Moss was the US observer of the parliamentary election in Azerbaijan.
"Azerbaijan has a well-earned reputation for its progressiveness, tolerance of religious and ethnic groups and as pro-Western strategic outlook, the author wrote. "The voters were calm and genuinely interested and involved in the process. Fail safe measures were undertaken, including identification requirements, ink spray, and ballot tracking."
Moss said that Azerbaijan invited numerous of observers from various countries (including Germany, Israel, Italy, and the U.S., among many others) to observe and provide commentary to the international community, domestic news stations, and those in charge of Azerbaijani voting protocols.
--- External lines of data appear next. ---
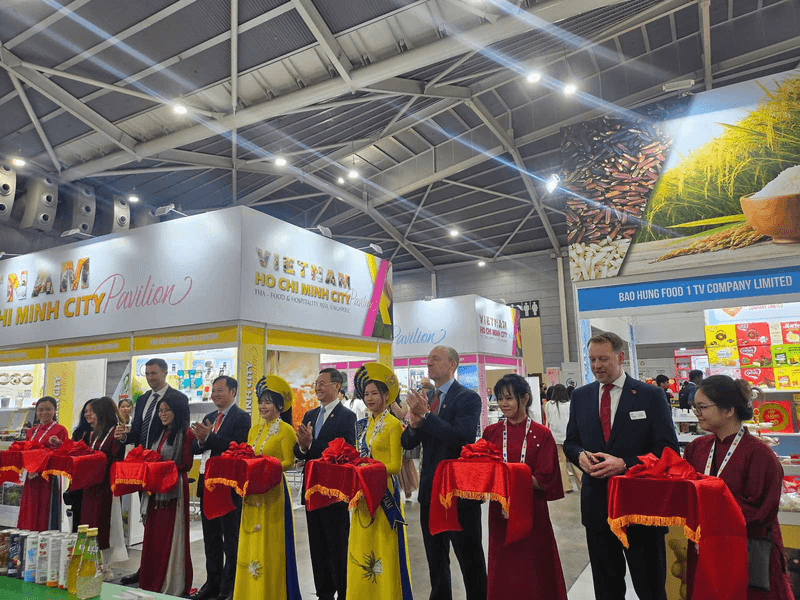 Vietnam maintains its position as Singapore’s 10th-largest trading partner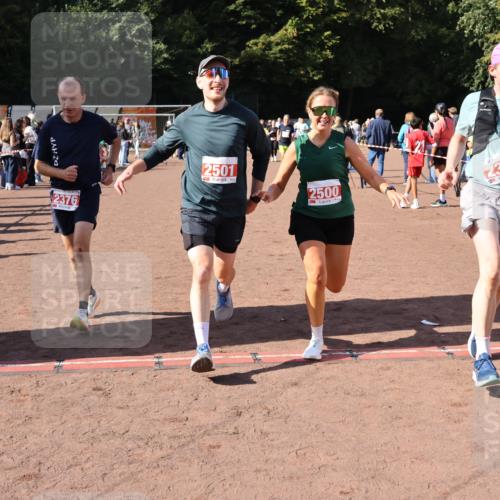 27.09.2026 - 35. Volkslauf durch das schöne Alstertal Strokosch-Dieckow http://msf.ph/oto/10586487 27.09.2026 12:10:04 Ziel 2328, 2367, 2376, 2431, 2500, 2501 meine-sportfotos.de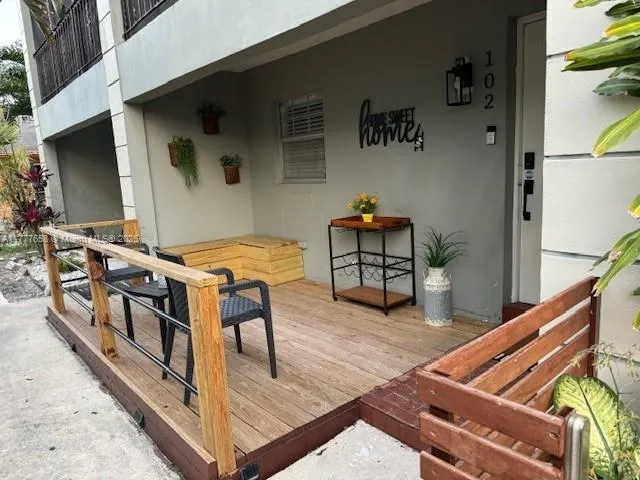 2452 Taylor St # 102, Hollywood FL 33020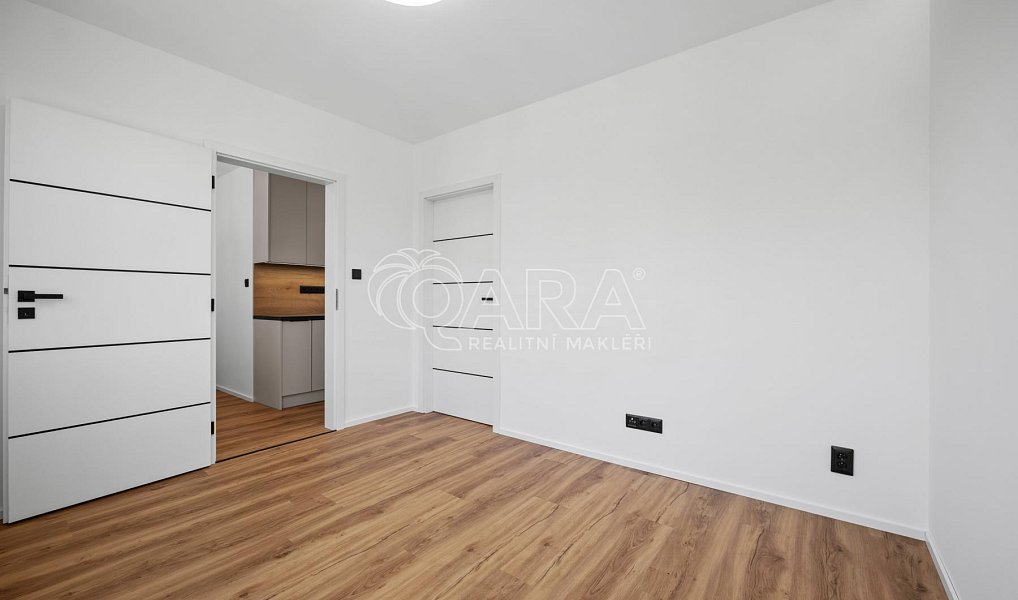 Prodej bytu 2+1 43 m², Strakonice – náhled fotky 11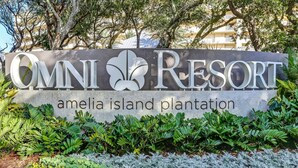A sign for Omni Resort at Amelia Island Plantation.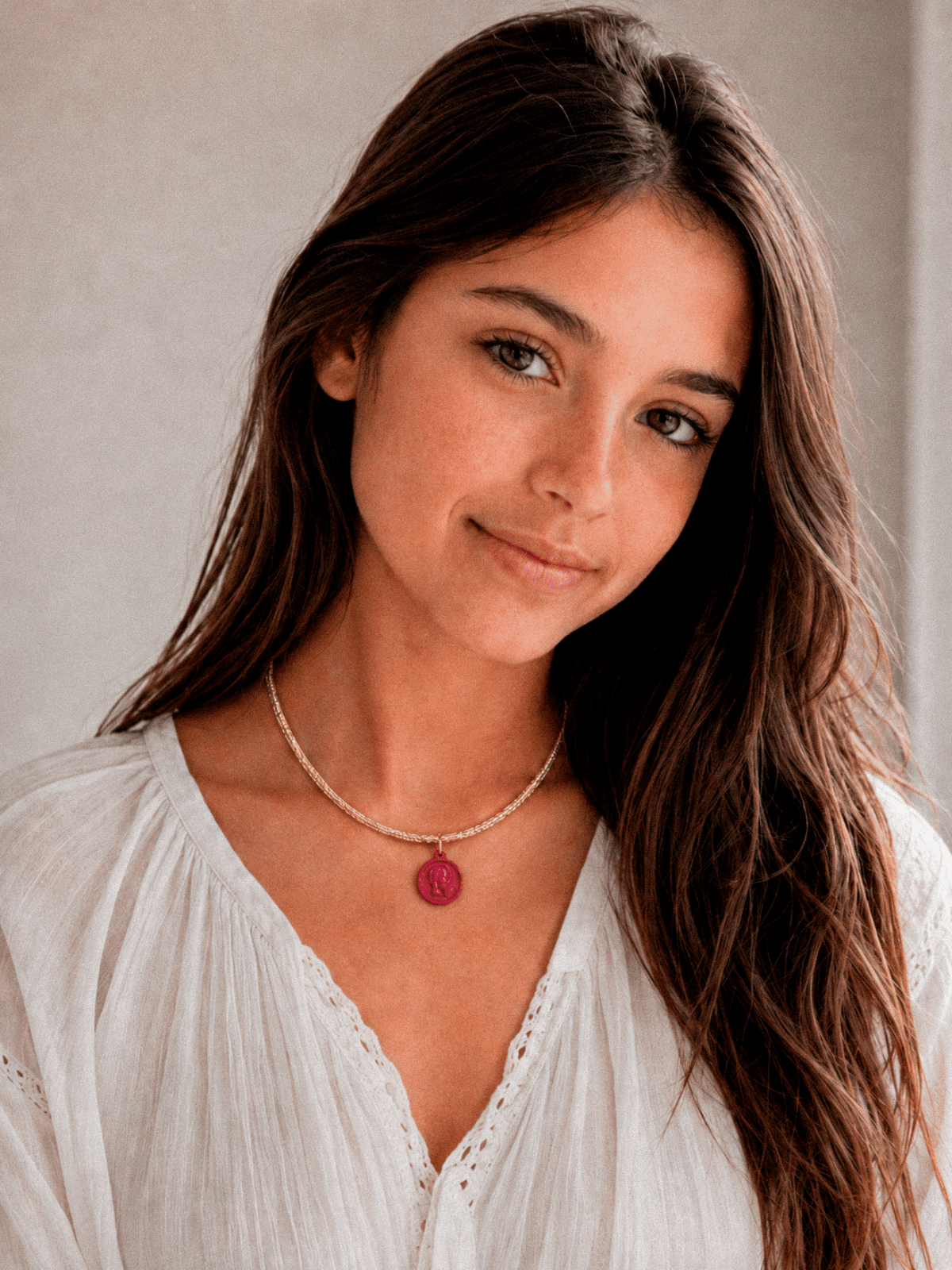 Medalla Virgen Niña Fucsia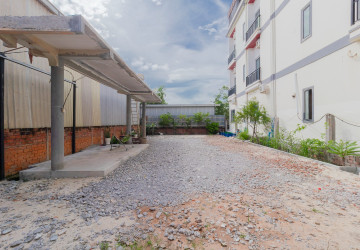 16 Unit Apartment For Rent - Slor Kram, Siem Reap thumbnail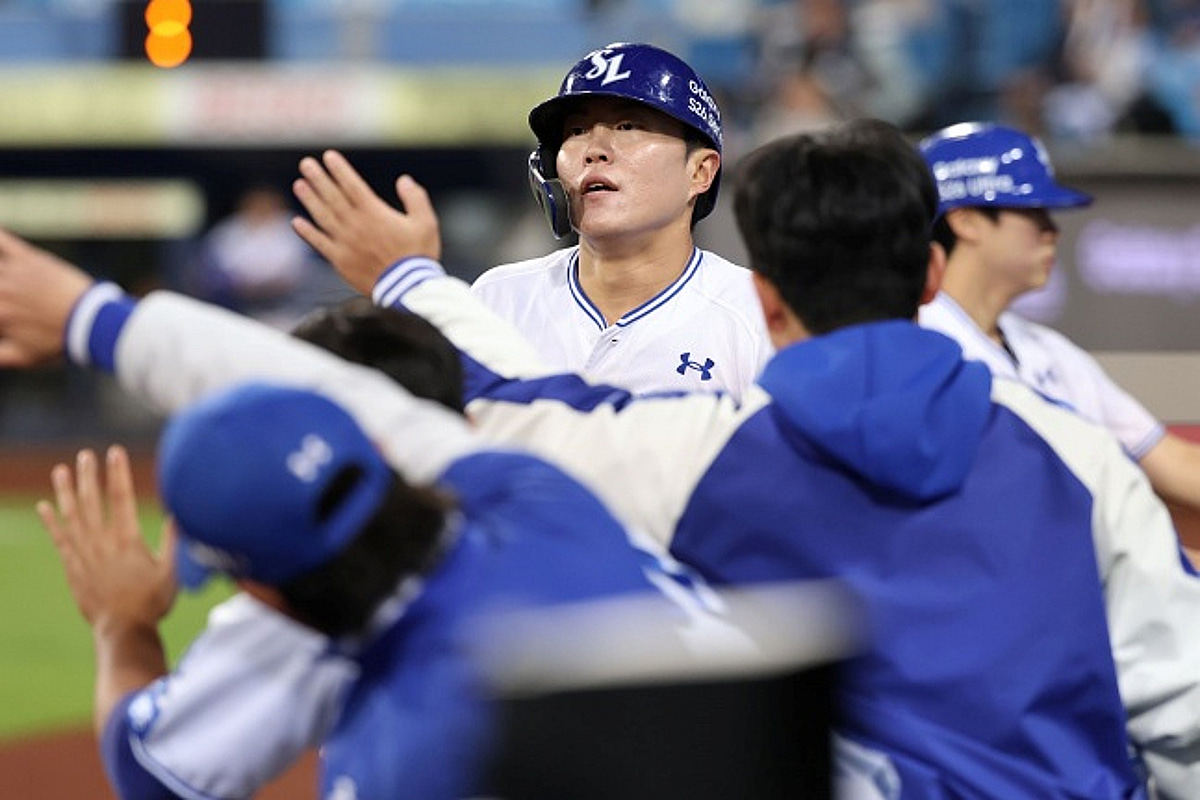 "류지혁 큰 부상 아니길" LG 홍창기, 만점 활약 소감 묻는 말에도 '1루 충돌→병원행' 삼성 베테랑 챙겼다 [대구 현장]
When was the last time the U.S. did that?
"When the Azerbaijani government sent an invitation to the Organization for Security and Cooperation in Europe (OSCE) to observe election, the OSCE insisted upon taking hundreds of observers to Azerbaijan to observe the elections, more than any other election to date," she said. "Azerbaijan requested the number to correspond to the number of electoral districts, i.e. one- hundred-twenty five."
"In a show of stubbornness both sides stuck to their positions with OSCE canceling the observation mission," she said. "In fact, according to my sources, the government of Azerbaijan was willing to allow OSCE to observe, but wanted to simply know why the stringencies of the system would surpass any other country in the world."
She said that this dialogue was not welcome by OSCE and they did not send observers, which resulted in negative press that did not reflect the obstacles that OSCE itself created.
"There was transparency, both internally and externally. Gerrymandering is non-existent and the Azerbaijanis genuinely wish to have a free and fair election process," the author wrote.
Earlier, the OSCE press-service issued a statement of the Director of the OSCE Office for Democratic Institutions and Human Rights Michael Georg Link. According to it, the observation mission was not sent to Azerbaijan on November 1, 2015.
Earlier, OSCE Secretary General Lamberto Zannier expressed regret at a press conference in Moscow that it was impossible to reach an agreement regarding sending an ODIHR observation mission to Azerbaijan.
The voter turnout in the parliamentary election was 55.7 percent. More than 2.89 million people voted in the election, which is six percent more than in the previous parliamentary election held in 2010.